After 37 families living in the Hillshore Gardens apartments on Modoc Road were handed 60-day eviction notices, almost exactly two years ago, the advocacy organization PUEBLO created a policy wing called the Rental Housing Roundtable.

The raison d’être for this group is to amend Chapter 44 of the County Code.

Chapter 44 was enacted in 2002 by Ordinance 4444, which stipulates that, when people are forced to vacate rental properties deemed by the county unsafe to occupy, landlords must provide relocation funds. Yet, according to the Rental Housing Roundtable, Chapter 44 does not offer adequate protection to tenants forced to leave their residences through no fault of their own. To date, nobody has been awarded relocation funds under Ordinance 44.

Mass evictions are fairly rare (there have been six since 2000) but Housing and Community Development (HCD) Director David Matson described them as “high trauma events.” Furthermore, there is an established pattern of landlords evicting low-income tenants and then filling their properties with SBCC and UCSB students after renovation.

It was a mass eviction in Isla Vista that served as the impetus for the creation of Chapter 44 in the first place: 36 tenants evicted from the Balboa Cortez apartments in 1998. At the same time, the organization formed that sought recompense for them. It has since evolved into the Isla Vista Tenants Union.

In 2006, shortly after purchasing the Cedarwood Apartments on Picasso Road in Isla Vista, the Radius Group issued notices via its lawyers to 55 families stating that they must vacate their residences within 30 days or risk fines and damage to their credit history. As stated in an HCD evaluation of Chapter 44, the previous owners, “Marsch Partners, rented units [to low-income families] for substantially less than nearby apartments, where students typically paid upwards of $650 a month to share a two-bedroom apartment with three other people.”

Earlier this year, at the behest of community groups like Rental Housing Roundtable and the I.V. Tenants Union, 1st and 3rd District County Supervisors Salud Carbajal and Doreen Farr requested the evaluation that culminated in a report presented on April 20 to the full Board of Supervisors.

The report identified six issues that amendments to Ordinance 4444 might address:

“Evictions, or termination-of-tenancies, abruptly displace tenants.

“Quality affordable housing is limited and the rental market is constrained.

“Tenants and landlords are generally unaware of rights and responsibilities as well as available services.

“Related services are limited, and may not adequately meet the need, particularly in the event of a mass eviction.”

“Certain provisions of Chapter 44 are not routinely enforced, are unclear, or are too burdensome.”

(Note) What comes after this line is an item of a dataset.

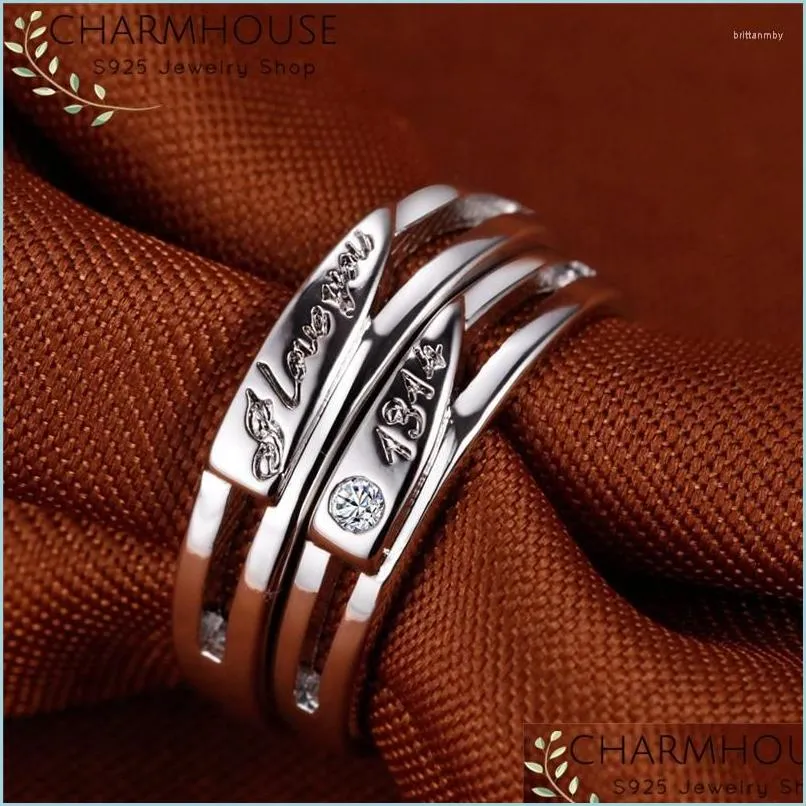 An￩is de casamento Ringos de casamento Charmhouse 1 Par Pure 925 Sier Ring for Man Women 2pcs Conjunto de casais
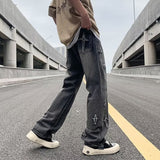 Mens Fashion Jeans Pant Zipper Loose Denim Trousers Men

At the April 20 Board of Supervisors meeting, HCD presented 19 proposed solutions for fixing Ordinance 4444. These proposals add to the reasons for which an evicted family can receive relocation funds, including remodeling, rezoning, demolition, or condominium conversion.

Another core solution suggests that notice be issued 90 days in advance of evictions as opposed to 60, the current notice requirement.

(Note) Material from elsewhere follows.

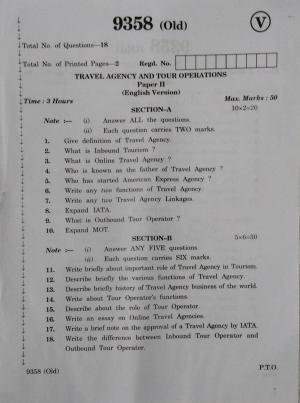 AP Inter 2nd Year Travel Agency and Tour Operations-II (old) March-2020-Vocational Question Paper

Permitting would also be contingent on landlords providing proof of relocation payment.

The balance of the solutions suggest means of providing better and more accessible information and resources to both evicting landlords and evicted tenants.

“I think the requests are very reasonable,” said Belen Seara, executive director of PUEBLO, who added that she has heard no significant opposition to the solutions. Chuck Eckert, president of the Santa Barbara Property Owners Association, said, “I think that there can be an enhancement of protections that, if they don’t go too far, would not be unfair to property owners.”

Currently HCD is taking its 19-point list of solutions and molding them into amendments to be added to the County Code. On September 23, HCD held a meeting with several stakeholder groups to begin that process.

One potential barrier to the proposed solutions is state law. For example California law already requires a 60-day eviction notice for people on month-to-month leases, and Santa Barbara County may not have the authority to mandate its own, superseding notice requirement.

Eckert, however, said he is in favor of giving incentives, namely fast-tracking of permits, to evicting property owners who voluntarily offer additional notice to their tenants. The head of the property owners’ group also said landlords should have the option of providing assistance in forms other than liquid money. For instance, a landlord could provide alternate housing accommodations during renovations.

Whereas community groups tend to see relocation payments as restitution for the social and economic costs of mass evictions, from Eckert’s perspective, such payments are only justified when landlords either break the law or the terms of their leases. He did concede that mass evictions merit relocation payment because they “distort market conditions.” Eckert’s definition of a qualifying “mass eviction” was a bit more specific than that of the HCD report which defines it as “the termination of tenancy of all rental units in a multi-unit apartment building at one time.” Eckert said that a mass eviction meriting relocation payment would also require a constrained market and a short amount of notice given to evictees.

Hilary Kleger of the I.V. Tenants Union worried that mass evictions can result in homelessness, displacement, or children not being able to attend school. However, Eckert said that such consequences are so rare that they do not merit public policy decisions.

In fact, aside from anecdotal evidence, nobody knows for sure what has happened to the victims of mass evictions. The Rental Housing Roundtable would like to include the creation of a tracking mechanism in the amendments to 4444 so that policymakers and community groups better understand the actual fallout from these events.

Kleger said she feels like there was a tenuous nucleus of agreement between all of the stakeholders in a possible revision of the county code—from landlords to tenants to the Board of Supervisors—last April. The HCD Department was originally scheduled to read a draft ordinance October 19, but they have pushed the first reading back to December 7. According to Kleger it will be a “tougher sell” on that date, which falls during finals week at UCSB, and the I.V. Tenants Union is a student-run organization funded by Associated Students of UCSB. And by the time of the second reading on December 14, winter break will have begun, diminishing the number of IVTU representatives at the meeting.